Knock-Kneed İle İlgili Cümleler İngilizce Cümle İçinde Kullanımı
Knock-Kneed Nedir?
Knock-kneed, dizleri birbirine değmeyen ve bacakların içe doğru eğilerek durduğu bir postür problemini ifade eder. Bu durum, genellikle kemik veya kas problemleri nedeniyle ortaya çıkabilir.
Örnek Cümleler:
-
He was knock-kneed and couldn’t stand straight.
(Türkçe: O, çarpık bacaklıydı ve düz duramıyordu.)
-
She was born knock-kneed, but physical therapy helped improve her posture.
(Türkçe: O, çarpık bacaklı doğdu, ama fiziksel terapi duruşunu düzeltmeye yardımcı oldu.)
-
He couldn’t ride a bike because his knock-knees kept hitting the handlebars.
(Türkçe: O, çarpık bacakları nedeniyle bisiklete binemiyordu çünkü dizleri gidona çarpıyordu.)
-
She felt self-conscious about her knock-knees and often wore long skirts to cover them up.
(Türkçe: O, çarpık bacaklarından dolayı özgüveni düşüktü ve sık sık onları örtmek için uzun etekler giyerdi.)
-
Despite his knock-knees, he was a talented basketball player.

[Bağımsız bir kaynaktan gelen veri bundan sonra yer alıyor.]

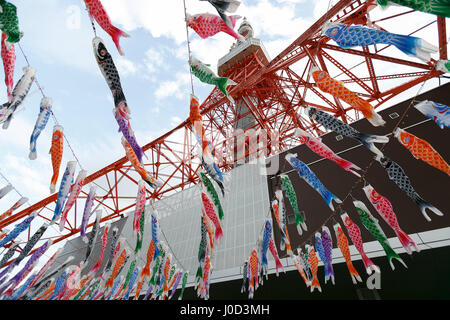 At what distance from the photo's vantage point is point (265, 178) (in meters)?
12.1

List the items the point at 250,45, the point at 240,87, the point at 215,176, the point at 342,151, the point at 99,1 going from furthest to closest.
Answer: the point at 250,45
the point at 240,87
the point at 342,151
the point at 215,176
the point at 99,1

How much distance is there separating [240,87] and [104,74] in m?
7.86

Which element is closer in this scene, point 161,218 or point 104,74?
point 104,74

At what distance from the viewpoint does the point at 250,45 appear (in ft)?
64.0

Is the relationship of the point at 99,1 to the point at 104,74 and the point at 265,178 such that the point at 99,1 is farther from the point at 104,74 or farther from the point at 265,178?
the point at 265,178

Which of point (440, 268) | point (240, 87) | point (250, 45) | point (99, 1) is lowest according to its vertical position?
point (440, 268) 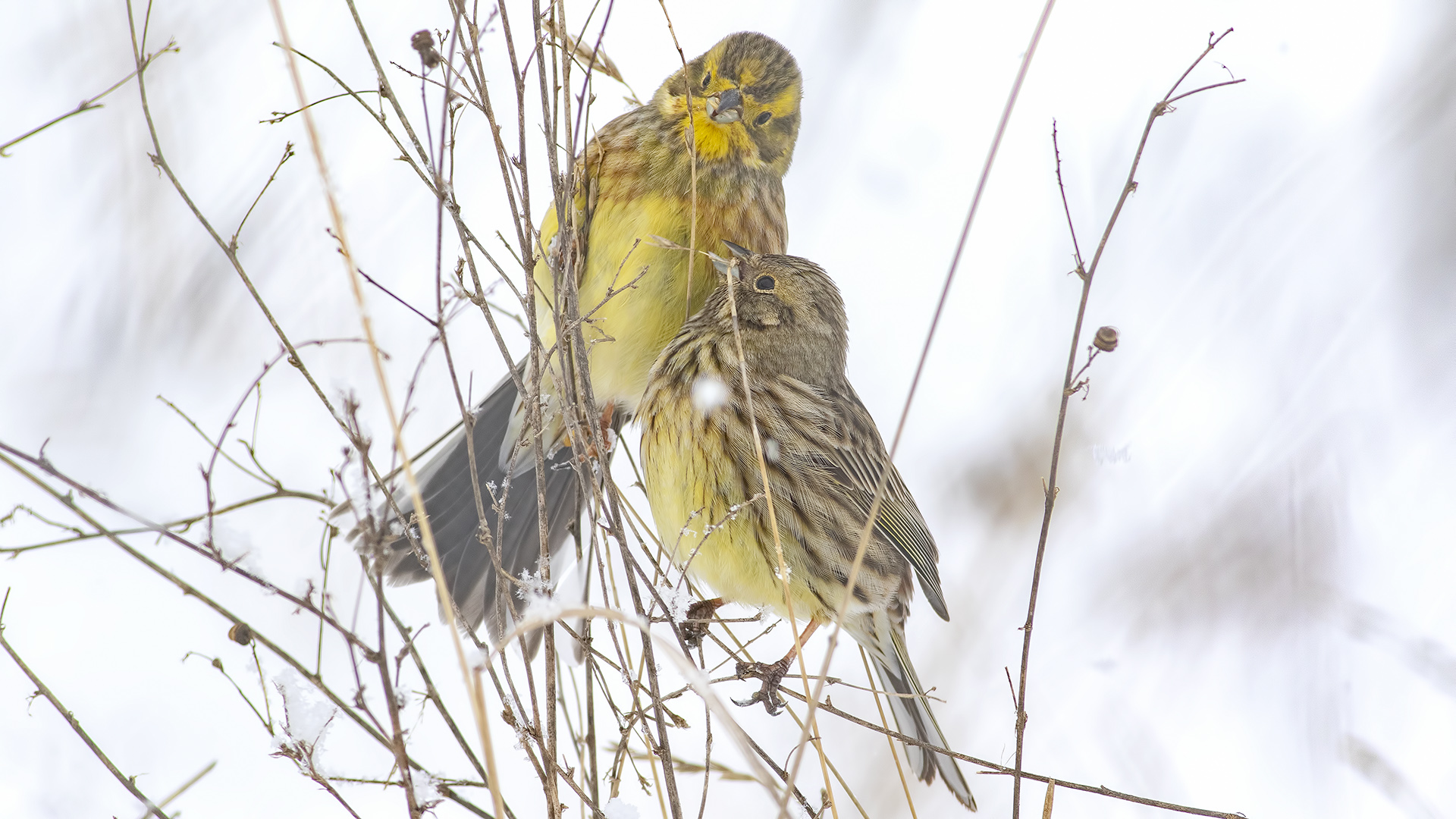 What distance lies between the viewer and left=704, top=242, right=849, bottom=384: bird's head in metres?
3.47

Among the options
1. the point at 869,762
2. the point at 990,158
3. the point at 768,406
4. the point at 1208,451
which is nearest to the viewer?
the point at 990,158

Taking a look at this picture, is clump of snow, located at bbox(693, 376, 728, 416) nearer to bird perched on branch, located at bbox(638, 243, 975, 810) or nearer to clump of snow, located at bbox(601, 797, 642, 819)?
bird perched on branch, located at bbox(638, 243, 975, 810)

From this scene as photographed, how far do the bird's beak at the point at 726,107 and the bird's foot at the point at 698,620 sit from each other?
4.95 ft

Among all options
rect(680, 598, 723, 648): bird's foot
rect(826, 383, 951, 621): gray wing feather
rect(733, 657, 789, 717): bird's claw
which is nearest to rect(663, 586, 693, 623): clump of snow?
rect(680, 598, 723, 648): bird's foot

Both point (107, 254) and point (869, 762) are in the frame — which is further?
point (107, 254)

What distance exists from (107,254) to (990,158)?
4.08 meters

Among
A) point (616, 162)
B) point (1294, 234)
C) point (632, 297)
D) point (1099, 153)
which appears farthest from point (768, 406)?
point (1294, 234)

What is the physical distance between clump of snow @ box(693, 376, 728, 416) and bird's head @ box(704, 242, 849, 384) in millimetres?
273

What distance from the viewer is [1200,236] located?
4.98 meters

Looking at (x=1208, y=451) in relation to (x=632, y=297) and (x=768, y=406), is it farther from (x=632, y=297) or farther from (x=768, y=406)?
(x=632, y=297)

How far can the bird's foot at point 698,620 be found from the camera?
117 inches

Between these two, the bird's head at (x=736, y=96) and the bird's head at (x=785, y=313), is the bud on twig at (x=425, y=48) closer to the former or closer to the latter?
the bird's head at (x=736, y=96)

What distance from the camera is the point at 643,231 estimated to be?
3229 millimetres

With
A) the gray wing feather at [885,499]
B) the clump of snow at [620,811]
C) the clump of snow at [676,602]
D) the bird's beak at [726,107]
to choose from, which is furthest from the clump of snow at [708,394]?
the clump of snow at [620,811] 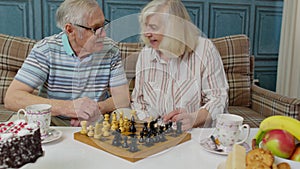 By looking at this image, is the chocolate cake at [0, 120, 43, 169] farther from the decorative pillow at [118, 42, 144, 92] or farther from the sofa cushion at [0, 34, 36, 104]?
the sofa cushion at [0, 34, 36, 104]

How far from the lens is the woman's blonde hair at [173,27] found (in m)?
1.28

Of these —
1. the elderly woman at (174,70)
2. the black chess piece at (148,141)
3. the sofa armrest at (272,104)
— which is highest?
the elderly woman at (174,70)

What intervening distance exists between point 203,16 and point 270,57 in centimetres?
80

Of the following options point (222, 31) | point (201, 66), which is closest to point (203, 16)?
point (222, 31)

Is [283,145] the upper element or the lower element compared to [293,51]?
lower

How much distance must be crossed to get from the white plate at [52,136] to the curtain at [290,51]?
2361mm

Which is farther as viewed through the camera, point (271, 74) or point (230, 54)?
point (271, 74)

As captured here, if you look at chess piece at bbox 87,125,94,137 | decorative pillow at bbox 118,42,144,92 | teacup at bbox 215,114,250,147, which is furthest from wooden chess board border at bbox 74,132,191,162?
decorative pillow at bbox 118,42,144,92

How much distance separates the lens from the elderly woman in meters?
1.26

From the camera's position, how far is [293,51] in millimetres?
2705

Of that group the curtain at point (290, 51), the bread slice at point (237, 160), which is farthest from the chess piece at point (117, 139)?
the curtain at point (290, 51)

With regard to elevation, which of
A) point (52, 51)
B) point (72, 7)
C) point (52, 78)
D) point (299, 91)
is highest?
point (72, 7)

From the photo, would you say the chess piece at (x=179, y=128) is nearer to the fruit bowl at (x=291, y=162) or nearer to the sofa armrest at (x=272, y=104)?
the fruit bowl at (x=291, y=162)

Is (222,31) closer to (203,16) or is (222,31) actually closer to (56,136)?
(203,16)
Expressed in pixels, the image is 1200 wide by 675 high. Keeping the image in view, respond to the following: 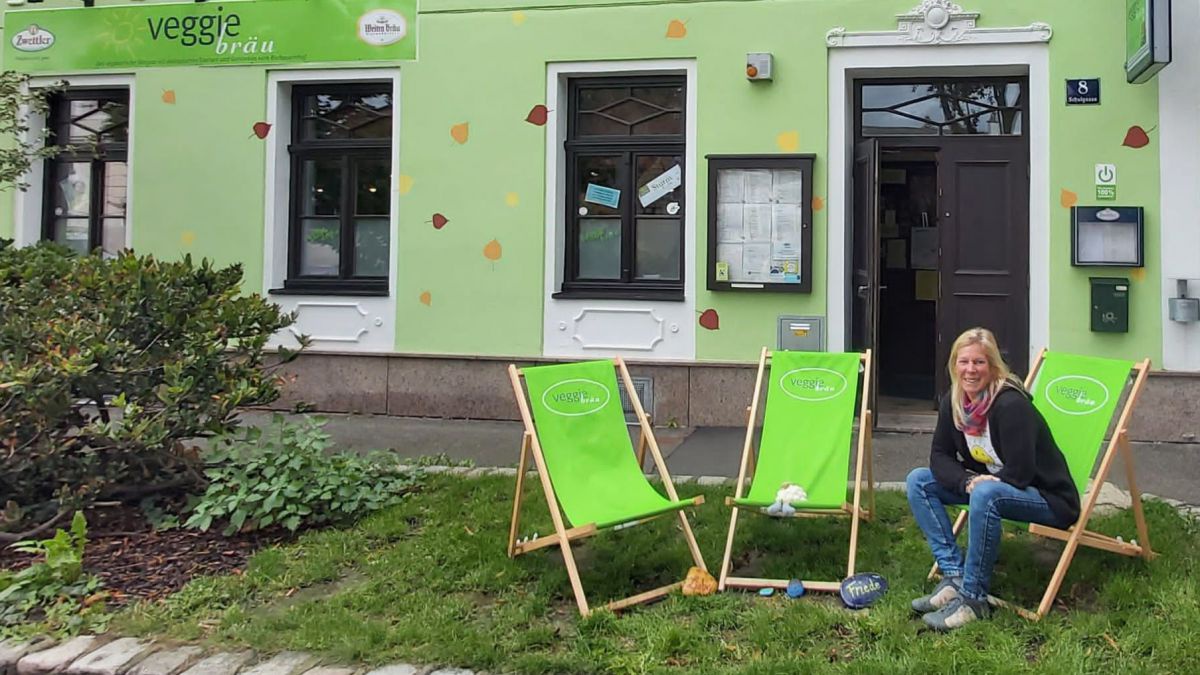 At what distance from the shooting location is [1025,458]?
381cm

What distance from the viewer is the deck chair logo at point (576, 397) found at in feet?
15.4

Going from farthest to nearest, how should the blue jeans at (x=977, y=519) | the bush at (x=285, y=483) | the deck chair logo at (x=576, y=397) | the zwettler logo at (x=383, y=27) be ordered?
the zwettler logo at (x=383, y=27), the bush at (x=285, y=483), the deck chair logo at (x=576, y=397), the blue jeans at (x=977, y=519)

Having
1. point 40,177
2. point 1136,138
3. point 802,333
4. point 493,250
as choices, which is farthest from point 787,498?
point 40,177

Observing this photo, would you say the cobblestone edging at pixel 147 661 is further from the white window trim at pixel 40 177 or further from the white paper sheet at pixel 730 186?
the white window trim at pixel 40 177

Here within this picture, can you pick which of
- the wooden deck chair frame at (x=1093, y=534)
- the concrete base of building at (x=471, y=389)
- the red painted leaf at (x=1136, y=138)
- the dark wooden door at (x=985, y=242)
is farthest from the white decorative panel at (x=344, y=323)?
the red painted leaf at (x=1136, y=138)

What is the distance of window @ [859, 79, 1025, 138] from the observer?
Result: 7.99 metres

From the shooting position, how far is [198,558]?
15.6ft

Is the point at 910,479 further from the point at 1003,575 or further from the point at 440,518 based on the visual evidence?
the point at 440,518

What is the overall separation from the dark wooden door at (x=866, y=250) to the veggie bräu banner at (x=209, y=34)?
164 inches

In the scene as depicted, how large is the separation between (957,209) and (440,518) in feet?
16.9

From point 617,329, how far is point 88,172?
5.78m

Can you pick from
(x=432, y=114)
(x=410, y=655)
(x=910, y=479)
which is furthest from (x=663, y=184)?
(x=410, y=655)

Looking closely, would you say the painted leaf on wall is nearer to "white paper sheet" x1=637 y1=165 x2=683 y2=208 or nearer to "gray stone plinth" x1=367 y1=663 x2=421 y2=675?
"white paper sheet" x1=637 y1=165 x2=683 y2=208

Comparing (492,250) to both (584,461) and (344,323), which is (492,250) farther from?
(584,461) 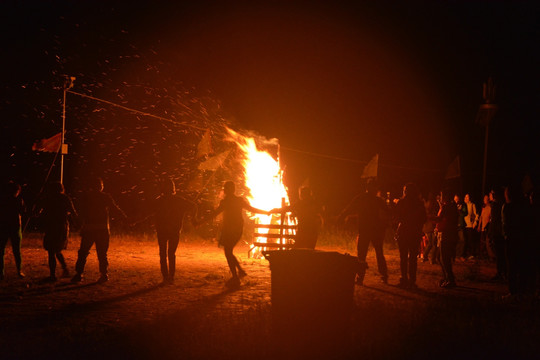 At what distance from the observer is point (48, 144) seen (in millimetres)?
18016

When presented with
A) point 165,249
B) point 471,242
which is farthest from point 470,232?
point 165,249

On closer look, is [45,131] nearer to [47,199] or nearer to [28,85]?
[28,85]

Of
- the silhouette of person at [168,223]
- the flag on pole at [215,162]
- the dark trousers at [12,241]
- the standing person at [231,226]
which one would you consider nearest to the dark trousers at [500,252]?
the standing person at [231,226]

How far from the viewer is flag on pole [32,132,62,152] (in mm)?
17859

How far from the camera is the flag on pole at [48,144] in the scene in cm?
1786

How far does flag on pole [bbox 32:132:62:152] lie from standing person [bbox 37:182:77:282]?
828 cm

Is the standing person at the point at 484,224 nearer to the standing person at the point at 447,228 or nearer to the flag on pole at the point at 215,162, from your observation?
the standing person at the point at 447,228

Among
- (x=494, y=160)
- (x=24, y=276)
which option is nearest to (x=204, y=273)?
(x=24, y=276)

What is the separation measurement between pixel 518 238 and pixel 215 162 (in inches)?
580

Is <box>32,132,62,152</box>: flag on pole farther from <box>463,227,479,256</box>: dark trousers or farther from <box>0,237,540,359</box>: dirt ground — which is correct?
<box>463,227,479,256</box>: dark trousers

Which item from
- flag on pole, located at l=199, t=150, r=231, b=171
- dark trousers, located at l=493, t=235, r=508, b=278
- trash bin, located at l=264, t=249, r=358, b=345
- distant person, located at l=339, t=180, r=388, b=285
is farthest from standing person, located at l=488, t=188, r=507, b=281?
flag on pole, located at l=199, t=150, r=231, b=171

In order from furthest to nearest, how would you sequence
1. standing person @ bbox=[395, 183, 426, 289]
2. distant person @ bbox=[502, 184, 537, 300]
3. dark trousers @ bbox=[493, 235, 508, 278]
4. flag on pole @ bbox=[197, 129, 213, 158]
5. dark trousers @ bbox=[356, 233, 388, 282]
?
flag on pole @ bbox=[197, 129, 213, 158] → dark trousers @ bbox=[493, 235, 508, 278] → dark trousers @ bbox=[356, 233, 388, 282] → standing person @ bbox=[395, 183, 426, 289] → distant person @ bbox=[502, 184, 537, 300]

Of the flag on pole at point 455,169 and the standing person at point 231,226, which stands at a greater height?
the flag on pole at point 455,169

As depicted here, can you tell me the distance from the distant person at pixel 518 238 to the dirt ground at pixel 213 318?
1.65 ft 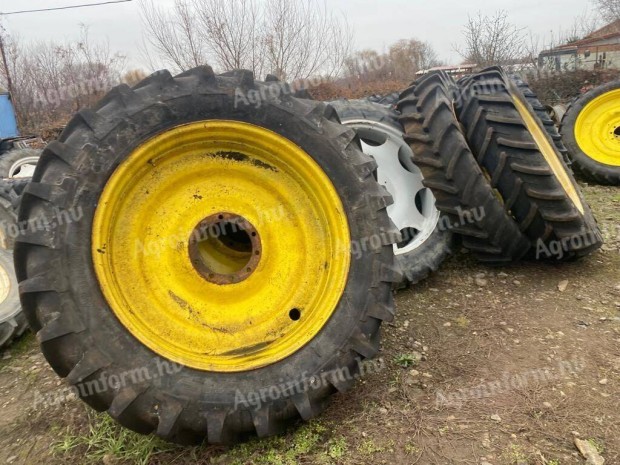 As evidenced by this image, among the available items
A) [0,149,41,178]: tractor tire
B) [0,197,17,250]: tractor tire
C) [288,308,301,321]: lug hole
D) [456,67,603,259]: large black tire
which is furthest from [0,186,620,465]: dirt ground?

(Türkçe: Çarpık bacaklarına rağmen, o yetenekli bir basketbol oyuncusuydu.)
-
She had surgery to correct her knock-knees, but the recovery process was long and difficult.
(Türkçe: O, çarpık bacaklarını düzeltmek için ameliyat oldu, ancak iyileşme süreci uzun ve zordu.)
-
He was teased in school because of his knock-knees, but he learned to brush it off.
(Türkçe: O, çarpık bacakları nedeniyle okulda alay edildi, ama buna aldırmayı öğrendi.)
-
She had to wear special shoes to help support her knock-knees.
(Türkçe: O, çarpık bacaklarını desteklemek için özel ayakkabılar giymek zorundaydı.)
-
He tried yoga to improve his knock-kneed posture, and it helped tremendously.
(Türkçe: O, çarp
ık bacaklı duruşunu düzeltmek için yoga denedi ve bu çok yardımcı oldu.)
-
She always felt self-conscious in shorts because her knock-knees were so noticeable.
(Türkçe: O, çarpık bacakları çok belirgin olduğu için şort giydiğinde her zaman özgüvensiz hissederdi.)
-
He saw a physical therapist to help correct his knock-knees, and it made a big difference.
(Türkçe: O, çarpık bacaklarını düzeltmek için bir fizyoterapist gördü ve bu büyük fark yarattı.)
-
She had trouble finding pants that fit properly because of her knock-knees.
(Türkçe: O, çarpık bacakları nedeniyle pantolon bulmakta zorlanıyordu.)
-
He was embarrassed about his knock-knees and avoided wearing shorts in public.
(Türkçe: O, çarpık bacaklarından utanıyordu ve halka açık yerlerde şort giymekten kaçınıyordu.)
-
She had to undergo physical therapy to improve her knock-kneed gait.
(Türkçe: O, çarpık bacaklı yürüyüşünü düzeltmek için fiziksel terapi görmek zorunda kaldı.)
-
He always felt like he stood out in a crowd because of his knock-knees.
(Türkçe: O, çarpık bacakları nedeniyle kalabalıkta öne çıktığını hissederdi.)
-
She was hesitant to try running because of her knock-knees, but eventually overcame her fear.
(Türkçe: O, çarpık bacakları nedeniyle koşmayı denemekte tereddüt etti, ancak sonunda korkusunu yenmeyi başardı.)
-
He had surgery to correct his knock-knees, and it was a life-changing decision for him.
(Türkçe: O, çarpık bacaklarını düzeltmek için ameliyat oldu ve bu onun için hayatını değiştiren bir karar oldu.)
-
She was always self-conscious about her knock-knees, but her friends never seemed to notice.
(Türkçe: O, çarpık bacaklarından dolayı her zaman özgüvensizdi, ama arkadaşları asla fark etmedi.)